Não havendo muito mais para dizer sobre o tema, senão enviar as óbvias condolências a familiares e amigos, partirei para aquilo a que chamo o desígnio deste blog: o mal-dizer.

Ontem, os jornais A Bola e O Jogo fizeram capa com a morte do piloto português, assim como todos os sites e canais noticiosos deram ampla cobertura ao acontecimento. Já começam a adivinhar para onde vai este texto, não já? Se não, eu continuo.
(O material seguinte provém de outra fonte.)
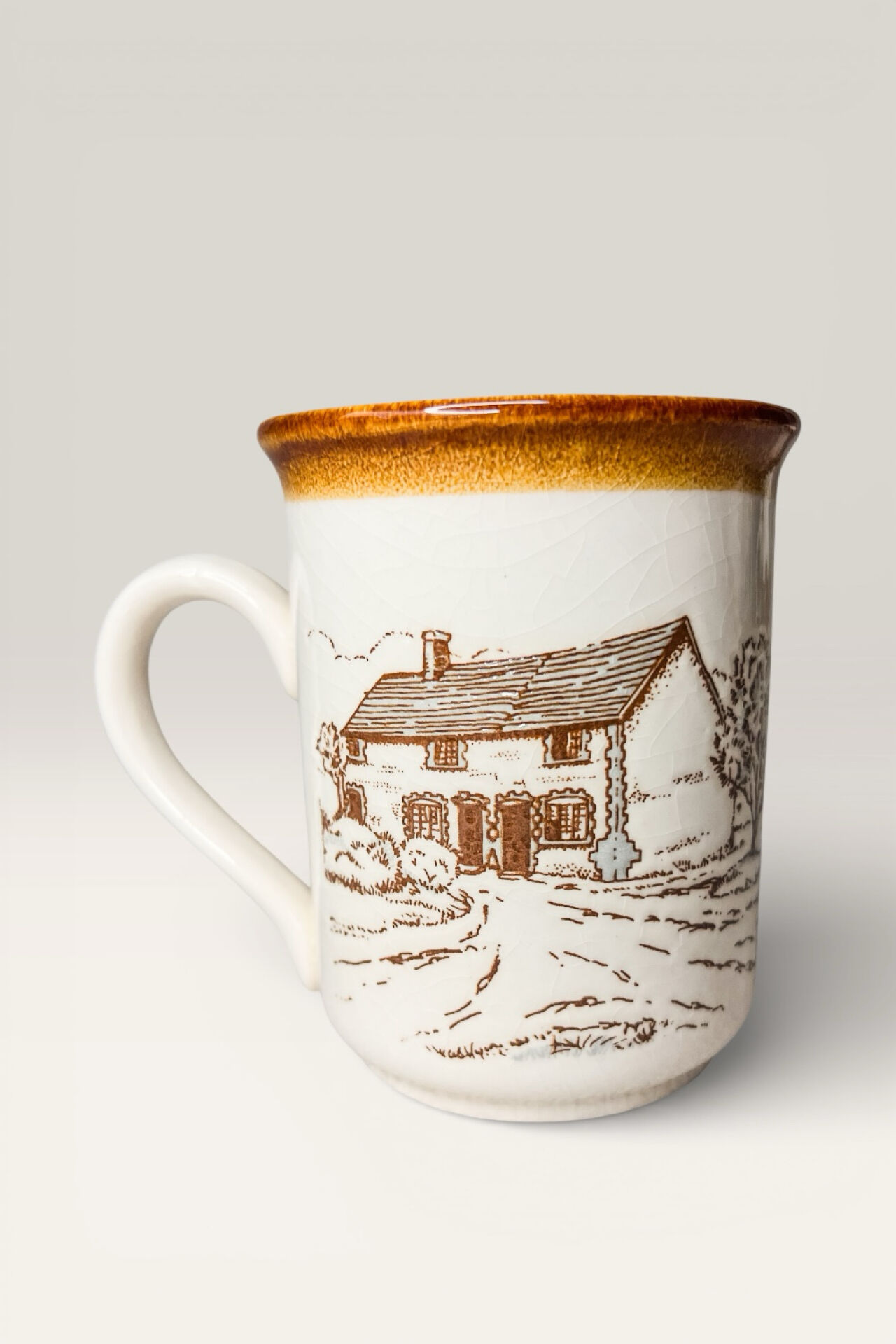 4 Mugs Staffordshire Tableware scènes Rurales Anglaises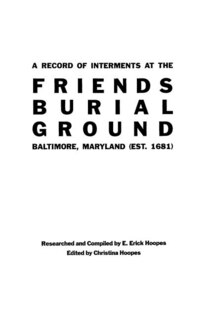 Couverture_Record of Interments at the Friends Burial Ground, Baltimore, Maryland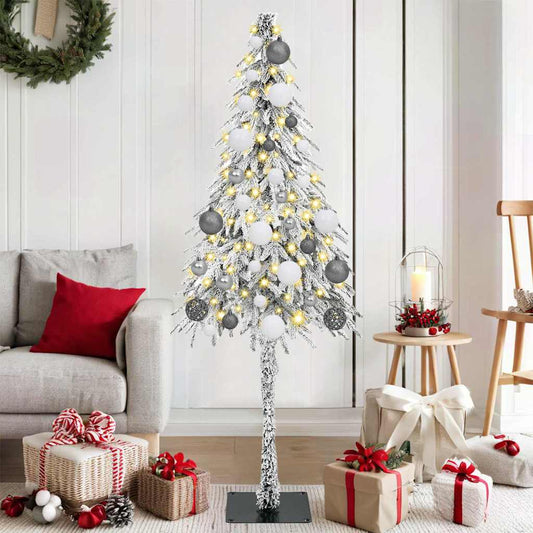 Kerstboom met 150 LED met standaard Wit 150 cm PE en staal
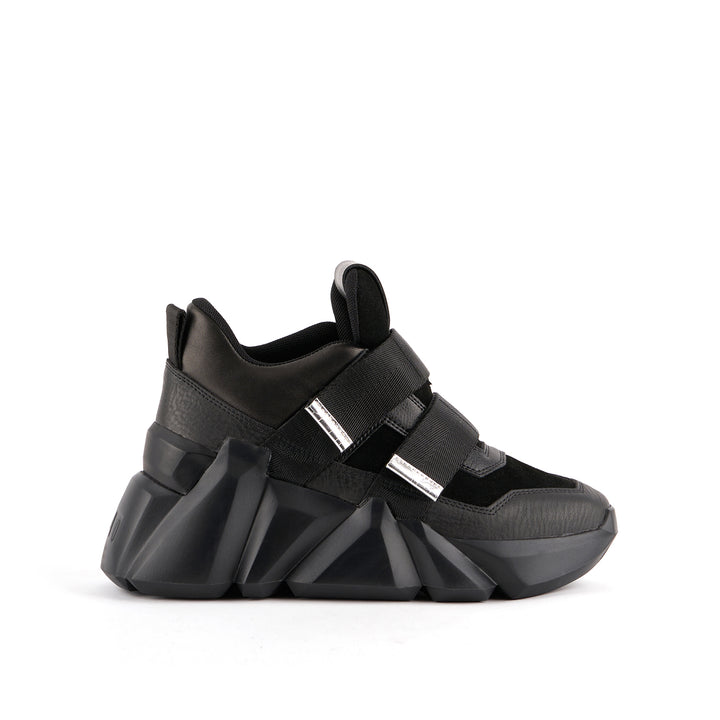 space kick women black outside view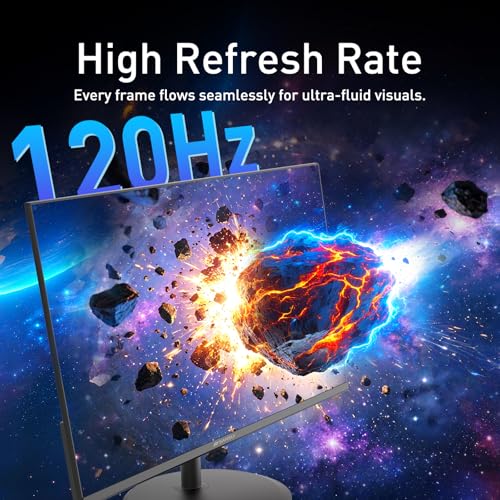 SANSUI 22 Inch 120Hz Monitor FHD Computer Monitor 40001 Contrast Ratio with Adaptive Sync HDR 100 sRGB HDMI x 2 VESA Mount Eye Care for HomeOffice ES22X3AH One HDMI Cable Included - Image 3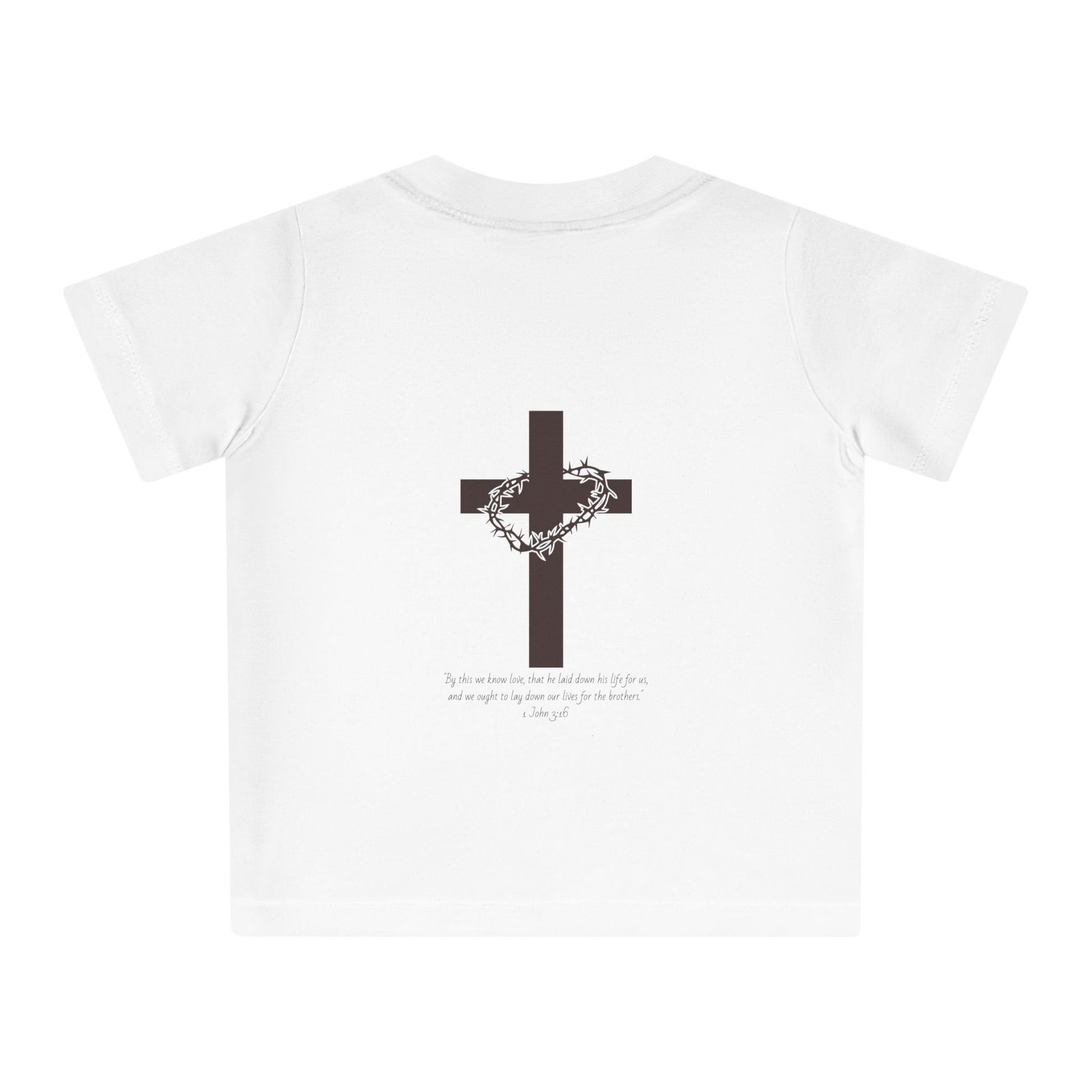 Organic Cotton Jesus Loves Me Baby Tee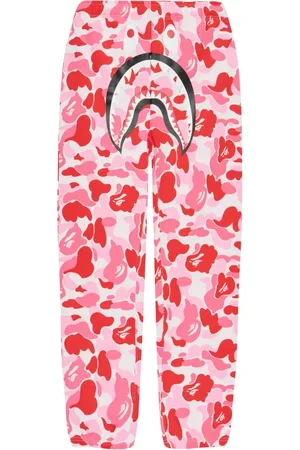 A Bathing Ape Pantalon à imprimé graphique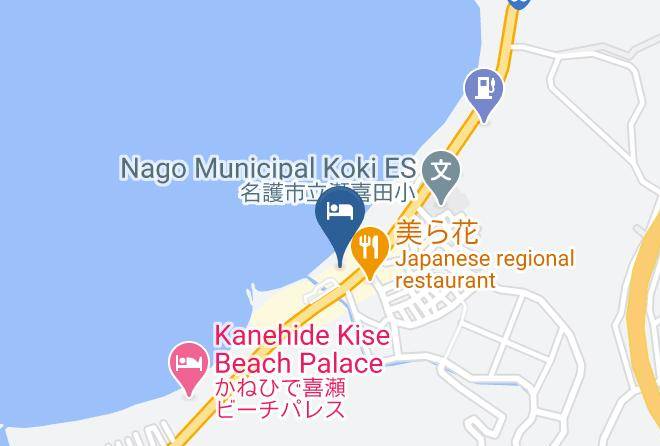 Nago City - Best Western Okinawa Kouki Beach Hotel Maps
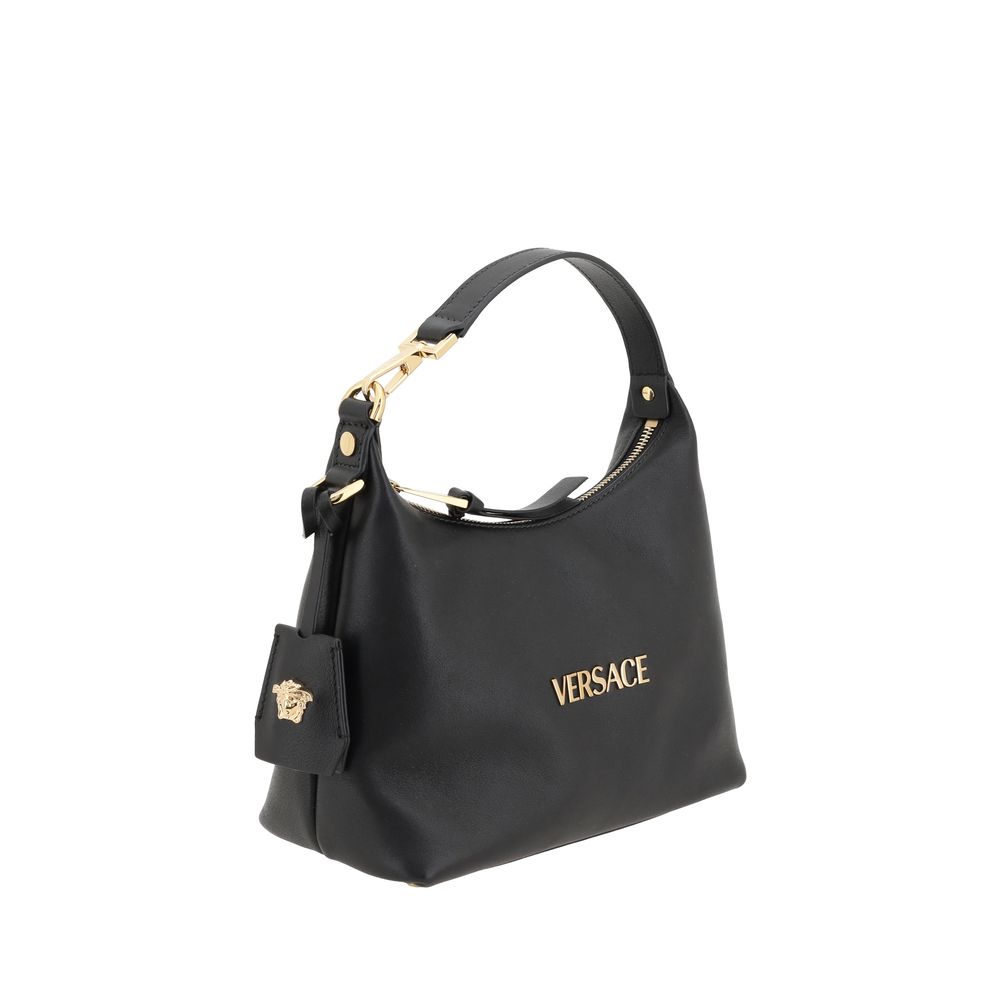 Versace - Black Calf Leather Bos Taurus Handbag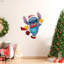 Décalcomanie murale Disney Santa Stitch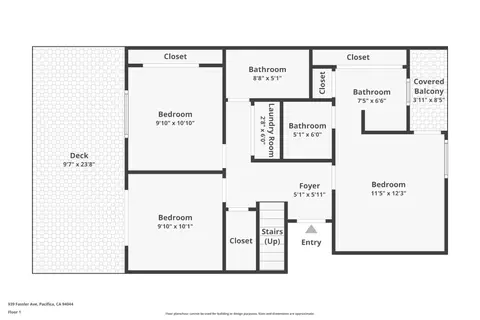 Floorplan - 939 Fassler Ave, Pacifica, CA 94044 photo 1 of 3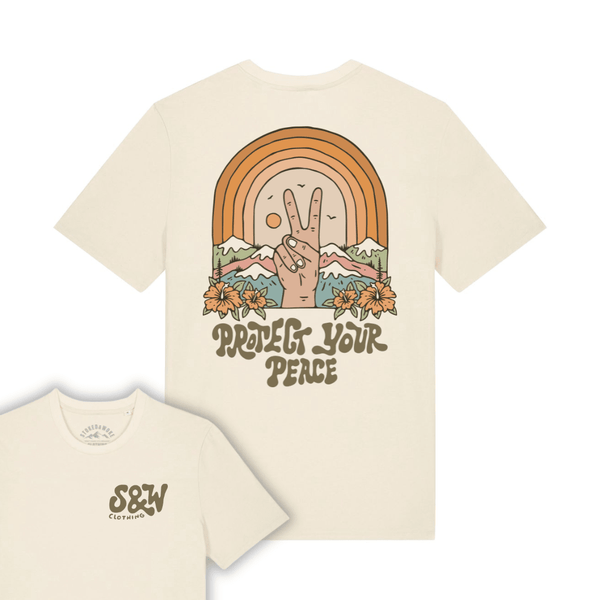 Organic "Protect Your Peace" Tee - Stoked&Woke Clothing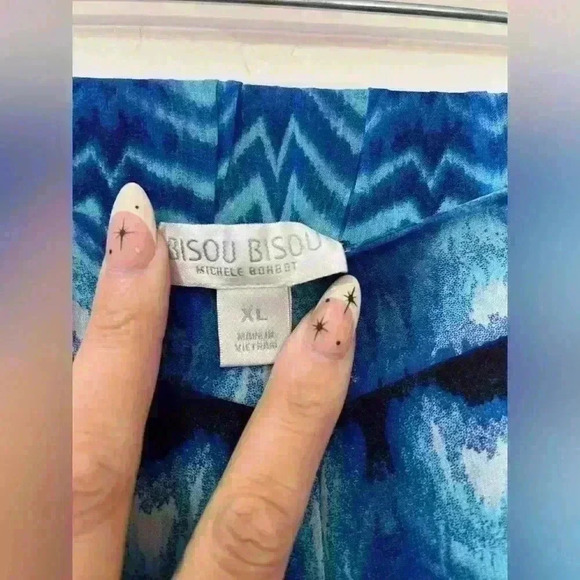 bisou bisou blue chiffon tie dye set sz XL - Picture 9 of 10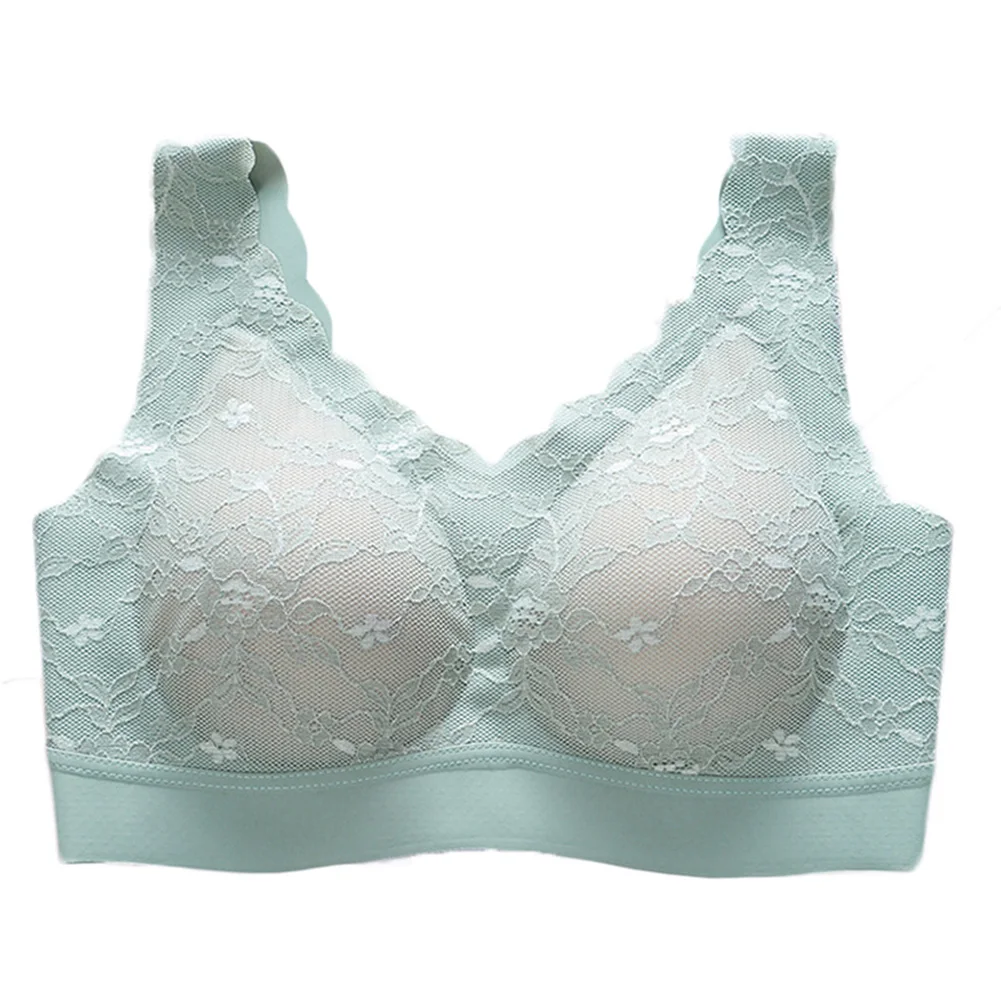 

5D Wireless Contour Bra Padded Lace Push Up Brassiere Women Daily Bras BMF88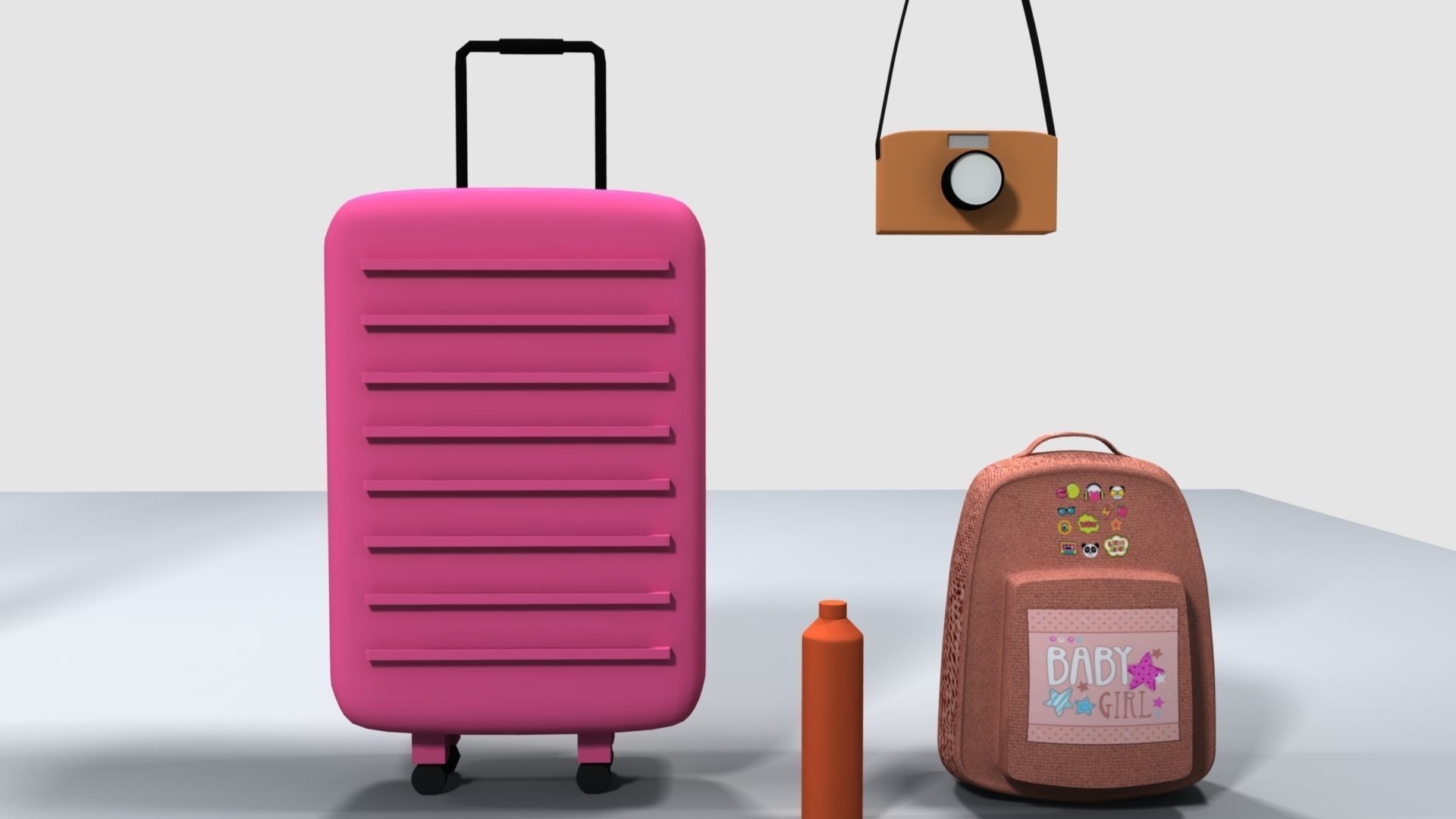 Barbie  Doll 3D model_15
Para contextualizar, então, começarei por dizer que sou homem de hábitos, nomeadamente de hábitos matinais. A coisa tem toda que correr muito bem para os chackras se alinharem. E um dos hábitos que tenho, logo quando o dia desperta, é o de ver as capas dos jornais do dia, como muita gente, calculo. Precisamente, aqui no Sapo, onde isso está tão bem organizado e actualizado que não se pede mais. Vai desde as capas nacionais às internacionais, do desporto aos generalistas. E, de entre as milhares de conclusões que se pode tirar ao ver as capas dos jornais diariamente, uma que se pode tirar facilmente é a de que, em Portugal, no que toca a desporto, no que toca a jornais, no que toca a atenção, existe futebol e pouco mais. Este já é assunto velho, já todos sabemos dizer a lenga-lenga do "somos o país do futebol", "não se dá atenção a mais nada, é uma vergonha". Para entender isto, diga-se, já nem dois dedos de testa são necessários. Agora, se fazemos alguma coisa para mudar isso, todos nós? Parece-me que não. 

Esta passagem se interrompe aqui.